In what may have been a surprising outcome to some, human translators triumphed over AI programs yesterday at the Human vs. Artificial Intelligence Translation Challenge at Sejong University, Seoul.

The Challenge, which was organised by the International Interpretation and Translation Association (IITA) saw four humans pitted against 3 computers running AI translation programs, upon which four assessment categories were used;

  • Literary translation from English to Korean
  • Non-literary translation from English to Korean
  • Literary translation from Korean to English
  • Non-literary translation from Korean to English

The 3 professional translators, who ranged in age from 30 – 55, had 50 minutes in which to translate the passages given, whereas the machines had the same passages input into 3 widely available translation services; Google Translate, a Systran translation program and Naver’s Papago. The machines scored on average 10/30 points whereas the humans scored on average 24.5/30 points.

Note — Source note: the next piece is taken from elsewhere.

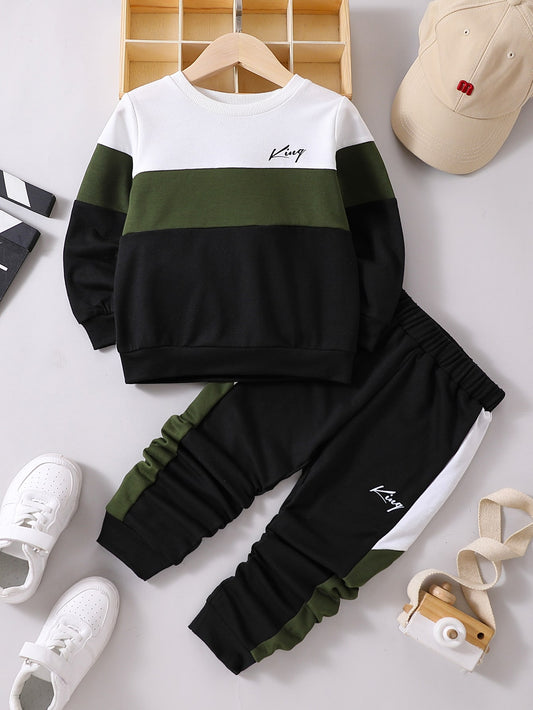 Young Boys Army Green Colorblock Sweatshirt & Sweatpants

Does this mean then that automated translation is not to be trusted?
No – there is very much a need for machine translation, especially for the average Internet or document user who may need an instant result that gives them an overview or needs specific words translating. The problems lie when specific phrases and nuances in speech are mistranslated by machines as they do not understand the finer points of the language spoken and as such cannot understand slang phrases or plurals if in the language being translated to, such plurals do not exist. Machine translation is extremely useful and will remain so for the foreseeable future, especially with the ever increasing global reach of big brands and companies looking to enhance collaboration between offices and countries, and with their own customer base.

So will automated translation ever take away the need for human translators?
Again, no – as above, the nuances and intricacies of human speech are not fully understood by machines and human translation will always be essential, especially for longer works where full translation is needed. Both types of translation have their place and often overlap, but there are definitely instances where one will be a better solution over the other. That isn’t to say that automated translation hasn’t taken away some of the human translator role, but moved it on to a higher level!